**INPUT:**
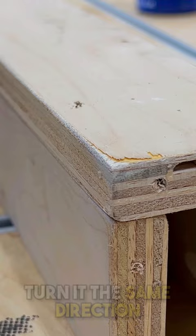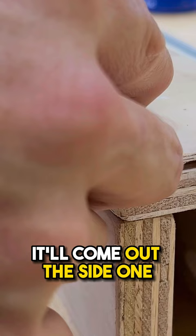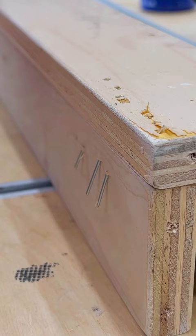Now, if you turn it the same direction as the board, a lot of times when you drive, it'll come out the side one way or the other — especially if you have any little tilt to it at all. It won't happen every time, but a lot of times it will pop out the side. And if your finger happened to be there, that is a long way for that nail to go into that thumb. Woo.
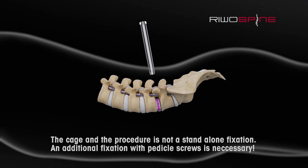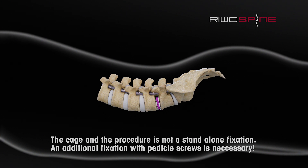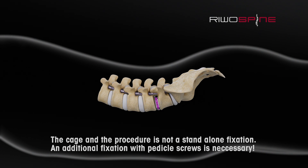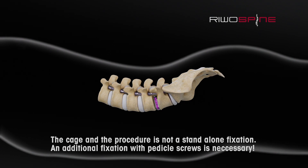Full endoscopic interbody fusion with the vertebrous endoscopic system is a minimally invasive solution for this standardized procedure in spine surgery, with key advantages in visualization, handling, and patient care.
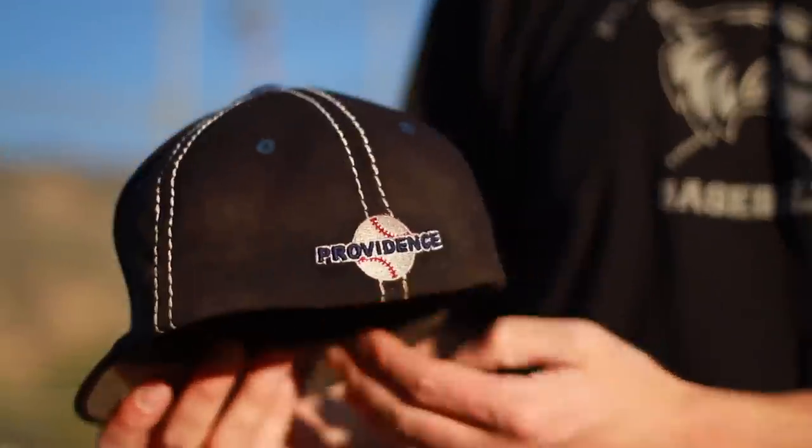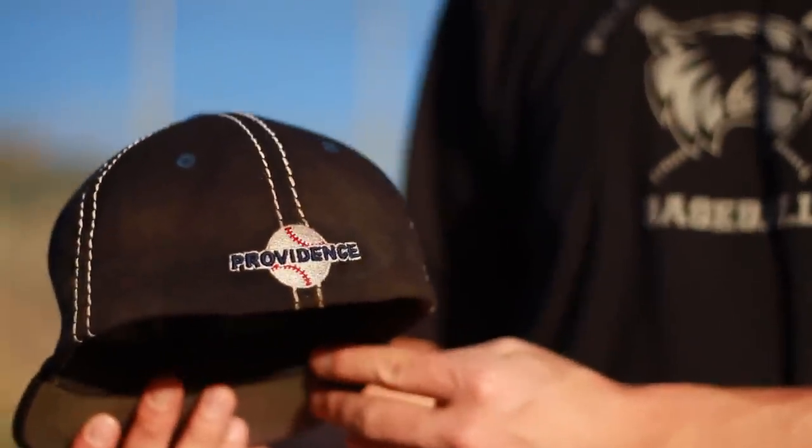I'm George Jensen, baseball instructor, and today we're going to be talking about how to shrink a baseball hat.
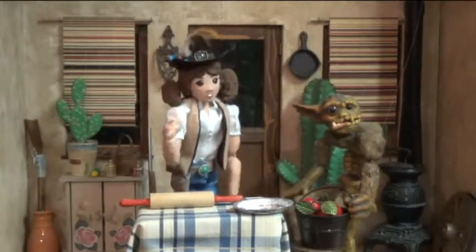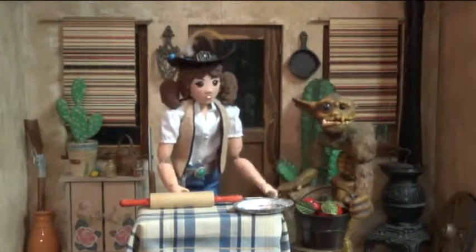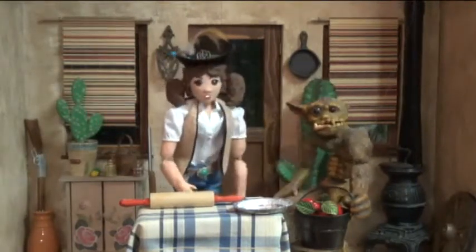Howdy y'all, I'm Rita May Ryder here to show you some good old-fashioned prairie cooking so as your cow pokes will keep on poking along your next cattle drive. Today, our special guest is that strange-looking critter called Sporge, and he's going to help me make an apple pie.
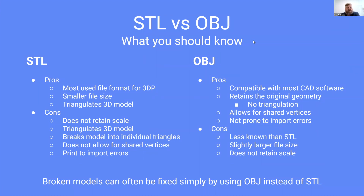Some of the cons: STL does not retain scale — it's essentially operating on the world coordinates that you created the file in. It does triangulate your model, which becomes a problem we'll see in a minute. It breaks your model into individual triangles, so none of those triangles are joined. It doesn't allow for shared vertices, and it is prone to print errors on import.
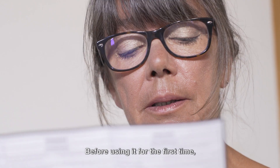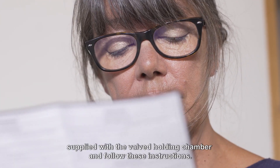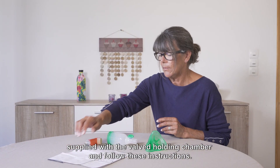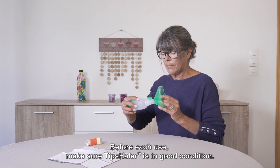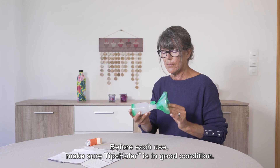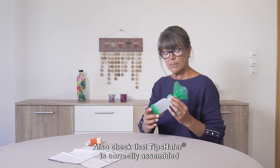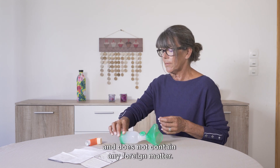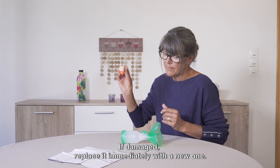Before using it for the first time, please read the instructions of use supplied with the valve holding chamber and follow these instructions. Put the mask on the mouthpiece. Before its use, make sure Tip Sailor is in good condition. Also check that Tip Sailor is correctly assembled and does not contain any foreign matter. If damaged, replace it immediately with a new one.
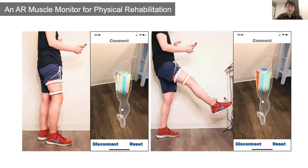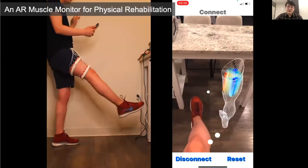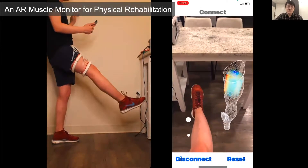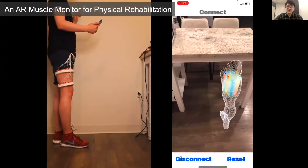Now that I've shown you each component of EIT Kit, I'll briefly demonstrate its applicability with a range of EIT devices designed via EIT Kit. First is an AR muscle monitor for physical rehabilitation. This device can sense muscle strain and tension in the thigh to monitor muscle activities. In the app view, the red part indicates muscle tension while the blue part shows muscle stretch. The device uses two electrode arrays — 16 electrodes each — to create a 3D volumetric rather than 2D sectional image of the thigh, reducing measurement error due to device shifting during movement. The visualization is displayed in AR over the 3D model to illustrate muscle activity location in real time.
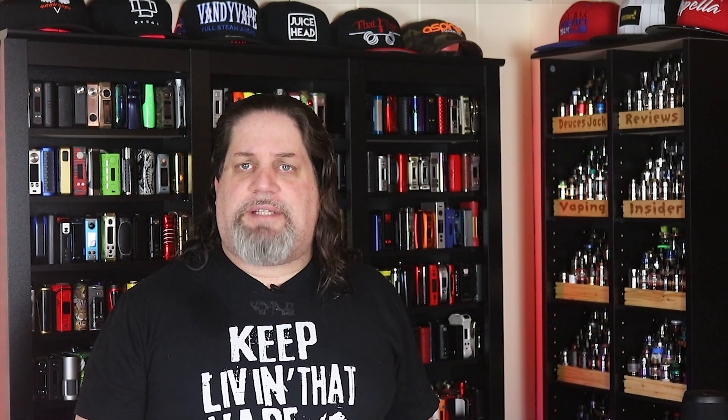Don't forget, Insiders — head on over to our Facebook group. We're approaching 10,000 members there. It's a very active, very civil, very newbie-friendly group. We would love to see you there — we talk about vapes all day long. We also started a brand new Reddit sub-forum under our Vaping Insider title, so make sure you go check that out as well. That's all I got for you guys today. Make sure, now more than ever, you keep living that vape life. We're out. Deuces.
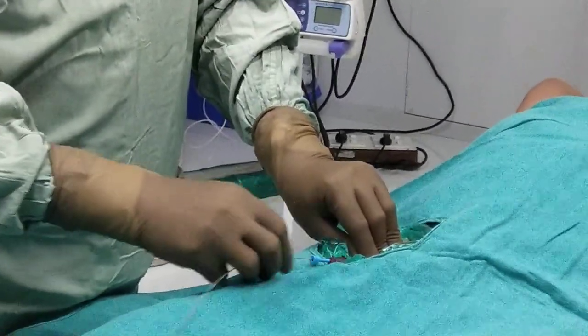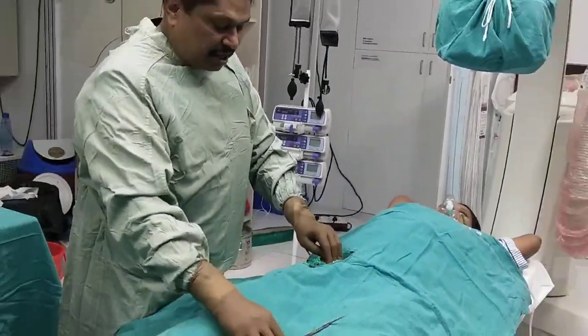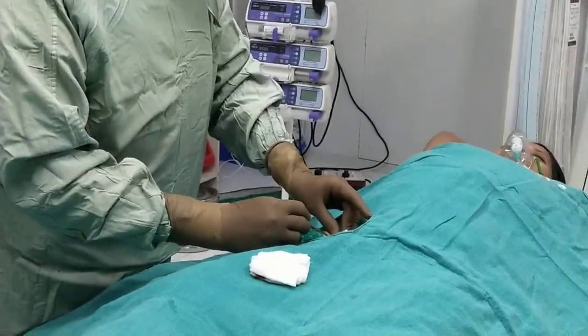For the procedure we are taking both the femoral artery and vein for access. We are putting a femoral artery sheath of 6 French.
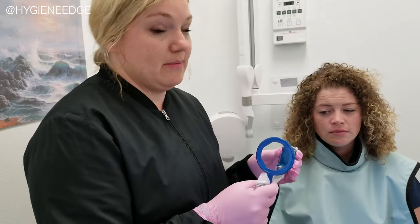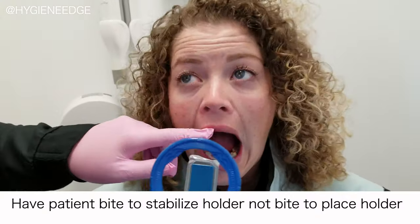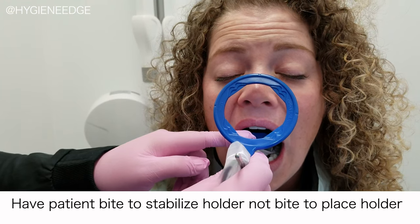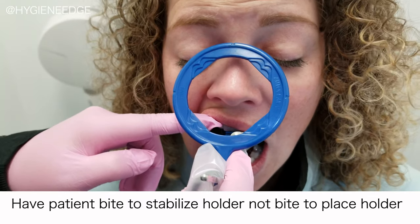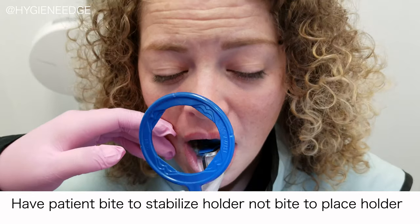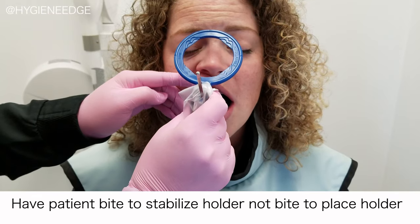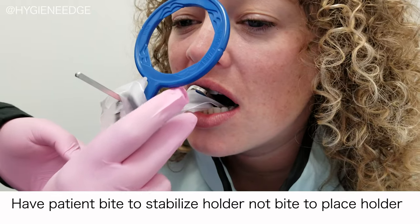Here are a couple tricks to prevent you from cutting off either one. Number one, have the patient open really wide and place the sensor exactly where you want it. Similar to the back, I always try to get the plastic — or metal or styrofoam — touching the target tooth first before the patient bites. If I just place it and have them bite, see how it just goes wherever it wants. I always place it exactly where I want it and have the patient close nice and slow, so it stays more parallel to the tooth we're working on.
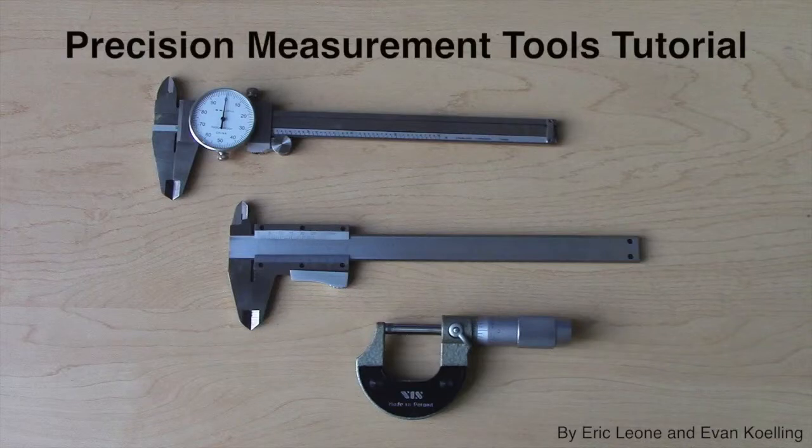Welcome to the precision measurement tools tutorial. This video will give you basic instructions on how to use the dial caliper, the vernier caliper, as well as the micrometer.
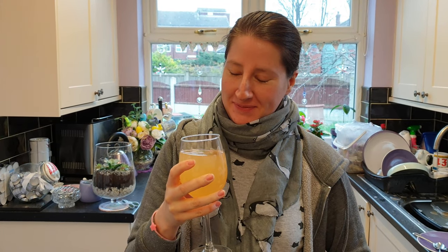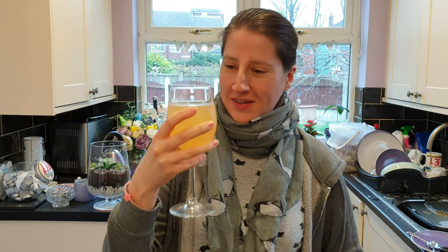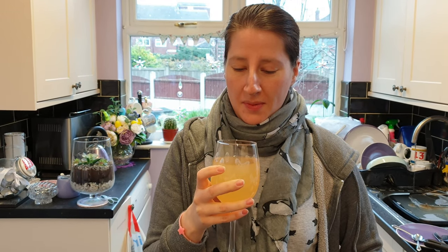Rhubarb cordial. Is it very gingery? No, it's not very gingery — you can just tell it's there. I wouldn't have guessed it was rhubarb though, mostly because of the colour. Why is it orange? I think it's gone like that overnight — it was a little bit pinker last night. It's nice though — sweet but not too sweet.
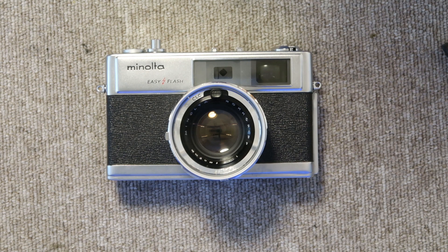Hello again everyone from Tokyo, Japan and welcome back to Japan Vintage Camera. Tonight's video is going to be a rather short video — or at least I hope it's short, I plan for it to be short — showing you how to fix a stuck shutter in a Minolta HiMatic rangefinder camera.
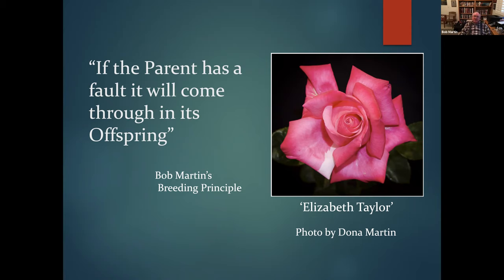Here is Bob Martin's breeding principle: if a parent has a fault, it will come through in its offspring. Elizabeth Taylor, for example, has that annoying white color streak — and every offspring of Elizabeth Taylor has that annoying white color streak. When selecting parents we often focus on what we like rather than what we don't like, but the faults come through. Select parents that have no faults. That's my view, and one of the reasons I've been as successful as I have.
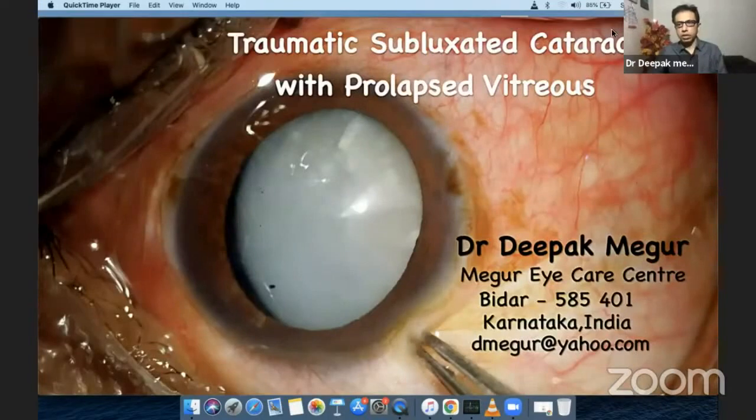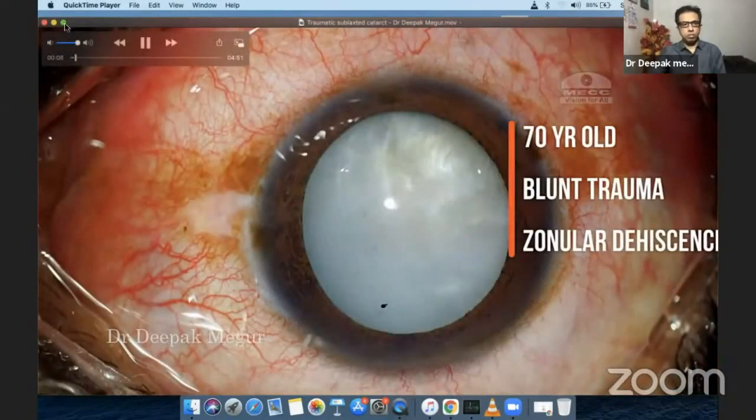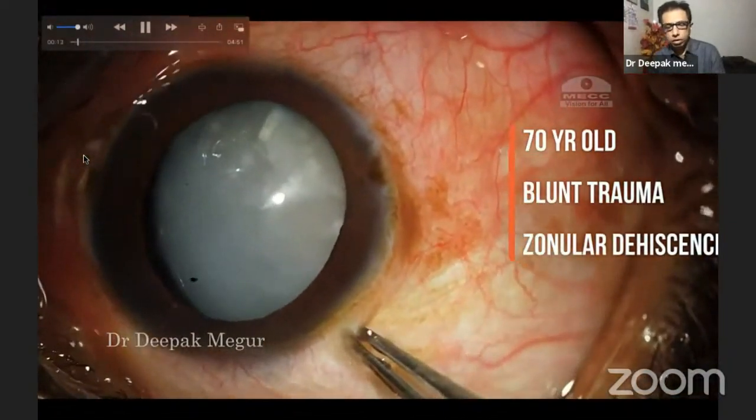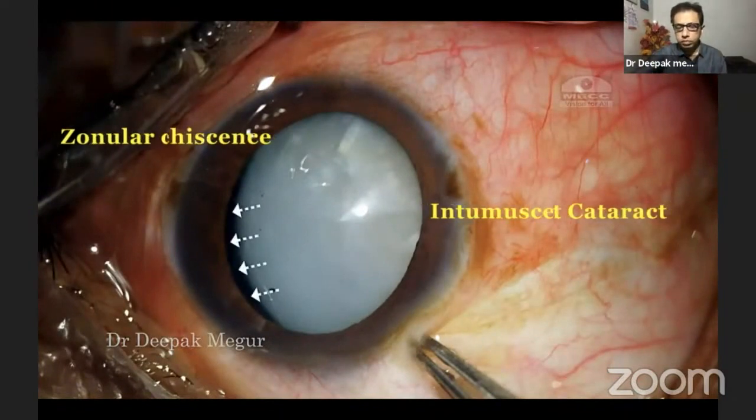Hi, I'm Dr. Deepak Meghur. Today I'll be sharing with you a case about a 70-year-old man who had sustained blunt trauma many years back. He now has an intumescent cataract with around 3 to 4 clock hours of zonular dehiscence.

**WHAT TO PRODUCE:**
Restate word for word each line from the top of the listing down to and including the line that holds "Before using it". Drop any pictures.

**ANSWER SECTION:**
Now, if you turn it the same direction as the board, a lot of times when you drive, it'll come out the side one way or the other — especially if you have any little tilt to it at all. It won't happen every time, but a lot of times it will pop out the side. And if your finger happened to be there, that is a long way for that nail to go into that thumb. Woo.
Full endoscopic interbody fusion with the vertebrous endoscopic system is a minimally invasive solution for this standardized procedure in spine surgery, with key advantages in visualization, handling, and patient care.
I'm George Jensen, baseball instructor, and today we're going to be talking about how to shrink a baseball hat.
Howdy y'all, I'm Rita May Ryder here to show you some good old-fashioned prairie cooking so as your cow pokes will keep on poking along your next cattle drive. Today, our special guest is that strange-looking critter called Sporge, and he's going to help me make an apple pie.
Some of the cons: STL does not retain scale — it's essentially operating on the world coordinates that you created the file in. It does triangulate your model, which becomes a problem we'll see in a minute. It breaks your model into individual triangles, so none of those triangles are joined. It doesn't allow for shared vertices, and it is prone to print errors on import.
Before using it for the first time, please read the instructions of use supplied with the valve holding chamber and follow these instructions. Put the mask on the mouthpiece. Before its use, make sure Tip Sailor is in good condition. Also check that Tip Sailor is correctly assembled and does not contain any foreign matter. If damaged, replace it immediately with a new one.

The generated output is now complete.